# Help pick the closest thing to an All in One Pellet Smoker



## Taz_Pagri (May 28, 2018)

Sorry I know this topic gets beat to death.. long time lurker first time poster. 

I understand the pellet poopers are really only best for low and slow but I am looking for the best pellet option with the widest usable temperature range. 

My cooking at the moment consists of (by temperature):
Brisket, ribs 
Whole chicken, turkey, wings 
Burgers steaks dogs 

I see myself adding smoked fish (lowest temp) and maybe pizza (highest temp) 

I want the smoker to have wifi.. 

I am trying to keep it under $2k with all the necessary accessories (cover, wifi add on, sear kit etc)

I have studied rec tec, blazin grill works, Yoder, MAK, GMG 

The MAK seems to be well loved, but I hate the way it looks and the fact that I have to pay extra on top of an already pricey grill for wifi.

What are your thoughts?


----------



## litzerski (May 29, 2018)

I'm in pretty much the same boat as you.  I'm 99% sold on the Blaz'n Grillworks Grid Iron (or Grand Slam). 

I don't care as much about Wifi and sear kit.  I'll use my Big Green Egg or propane grill for most high-temp searing.  I do like the twin-wall construction and insulated lid on the Blaz'n pellet grills.  It gets mighty cold in Indianapolis and I like to cook outdoors all year.  Also, the pro-shelf kit is a big plus for me. 

I should have full required funds in the next week or 2 and will make a road trip out to St.
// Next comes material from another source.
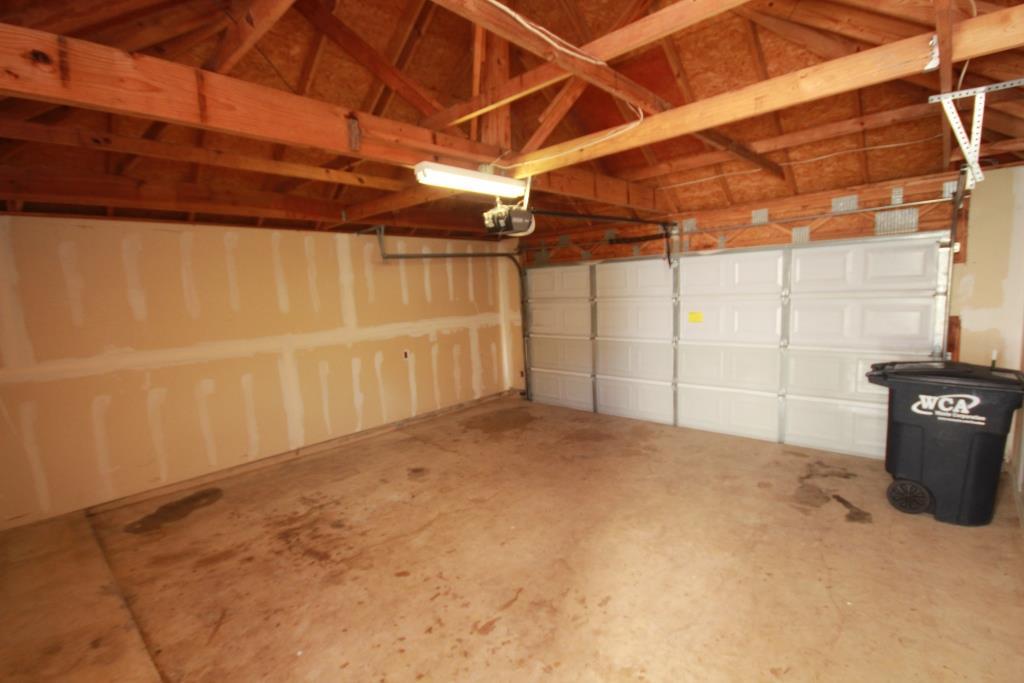 6418 Mountain Pines Lane Property Photo 11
Louis to pick one up.


----------



## Taz_Pagri (May 29, 2018)

litzerski said:


> I'm in pretty much the same boat as you.  I'm 99% sold on the Blaz'n Grillworks Grid Iron (or Grand Slam).
> 
> I don't care as much about Wifi and sear kit.  I'll use my Big Green Egg or propane grill for most high-temp searing.  I do like the twin-wall construction and insulated lid on the Blaz'n pellet grills.  It gets mighty cold in Indianapolis and I like to cook outdoors all year.  Also, the pro-shelf kit is a big plus for me.
> 
> I should have full required funds in the next week or 2 and will make a road trip out to St. Louis to pick one up.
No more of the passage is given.